The pleasures of sin take you far enough to leave you trapped. Last year a feral cat bit my wife. Animal control came and set a trap baited with a can of sardine. The cat could not resist the smell of the fish. I am sure the one bite it ate tasted good, but this triggered the latch snapping the door closed leaving it trapped. The pleasures of sin are like a trap with tasty bait. It is fun for a time, but certain pleasures, leads to addiction and long term consequences. When people smoke their first joint, snort their first line of cocaine, inject their first heroin, or smoke their first rock of crystal meth, they experience a pleasant euphoric rush and high. However, at some point whether the first, the second, or the third try, the door snaps closed leaving the user trapped.

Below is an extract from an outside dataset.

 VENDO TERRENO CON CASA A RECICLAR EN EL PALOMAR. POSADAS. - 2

Not all pleasure leading to sin is this obvious and dramatic. The traps for Christians are most often subtle especially within pleasures God approves. Hunting and fishing have always been a means of pleasure for me. Yet, at one point I realized it consumed more time and energy than was pleasing to God. I would get home late on Saturday night tired and be less effective in my Sunday ministry. I began coming home no later than 6:00 PM. Jesus said the pleasures of this life choke our fruit not allowing it to mature (Luke 8:14).

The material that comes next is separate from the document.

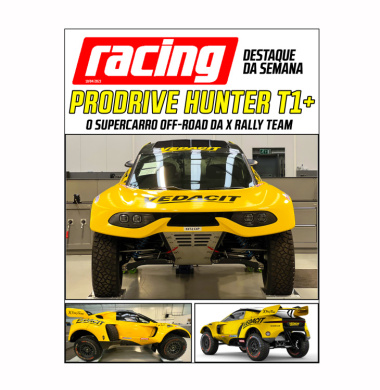 X Rally Team estreia supercarro de rally: Prodrive Hunter T1+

Even though sin is fun, this does not mean that all fun is sin. God is not opposed to pleasure. My early training taught that God was a cruel task master opposed to any fun or pleasure. Severing Him included no place for anything but strict seriousness and rules. It took me years before I realized that Christianity was fun and brought pleasure. Believers can even enjoy fun activities outside the church building. I have fun with my wife, my children, and now my grandchildren. Taking care of my garden and animals brings pleasure. I experience great pleasure in writing. What God opposes is when pleasure usurps His place in our lives. Paul wrote that in the last days men would be . . . lovers of pleasure rather than lovers of God (2 Tim 3:4). Jesus warned, “And just as it happened in the days of Noah, so it will be also in the days of the Son of Man: they were eating, they were drinking, they were marrying, they were being given in marriage, until the day that Noah entered the ark, and the flood came and destroyed them all (Luke 17:26). In other words, in the last days people will be enjoying the pleasures of life instead of loving God and ignore the warning signs of His coming.

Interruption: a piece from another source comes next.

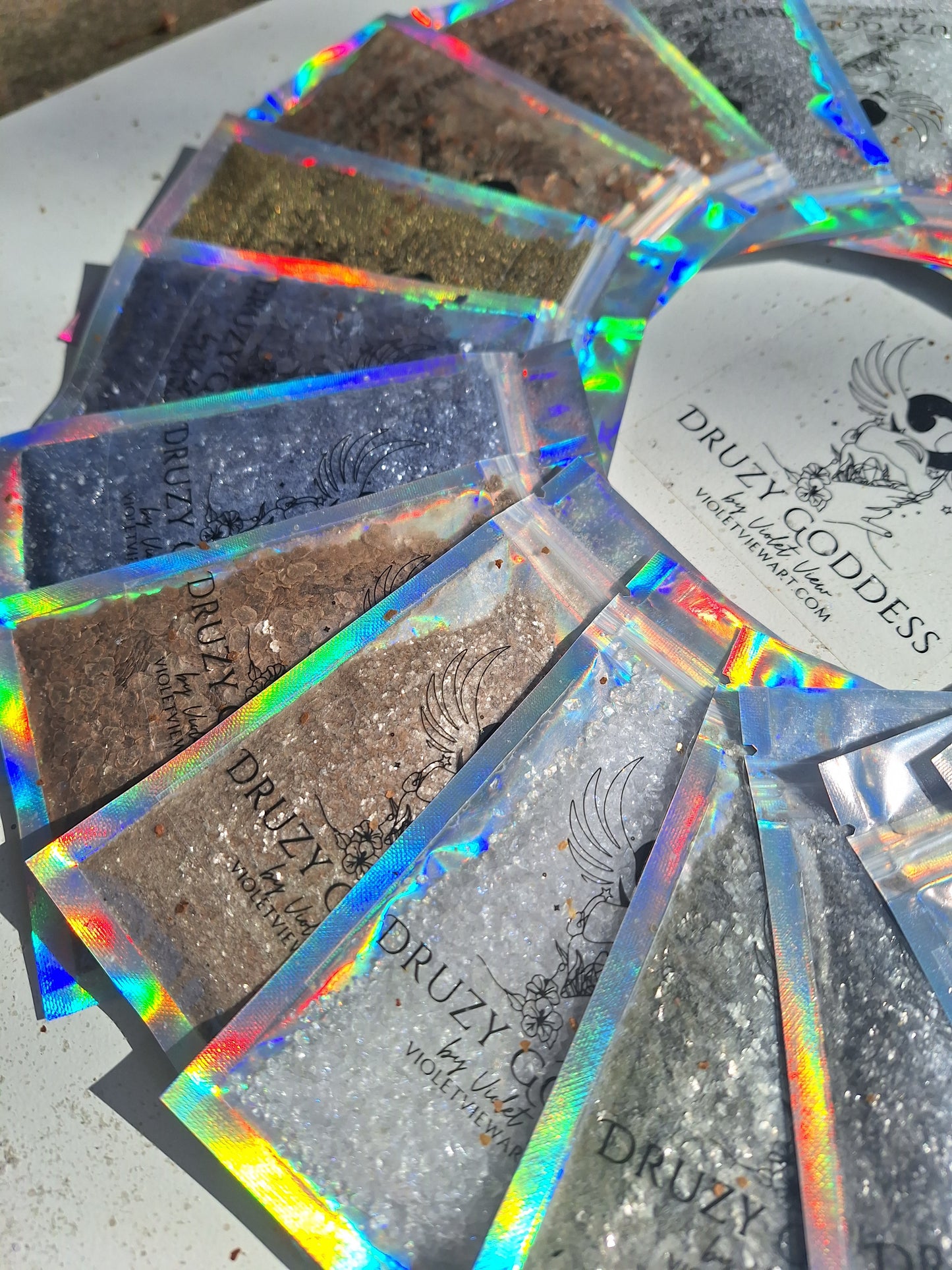 Luxe Druzy Goddess Toppers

Our sinful nature can only see the immediate pleasure of sin; the new man in Christ sees the pain, the deception, enslavement (Titus 3:3) it brings plus reminds us of the choice we have to follow God’s word through the prompting of the Holy Spirit overcoming the sinful nature. Moses serves as a key example. By faith Moses, when he had grown up, refused to be called the son of Pharaoh’s daughter, choosing rather to endure ill-treatment with the people of God than to enjoy the passing pleasures of sin (Heb 11:24, 25).
Sustaining Word for the Week: Yes, sin is fun but its pleasure is temporary and leads to bondage. Serving Christ brings freedom and pleasures not only in this life but also for all eternity. Like Moses, we all have a choice.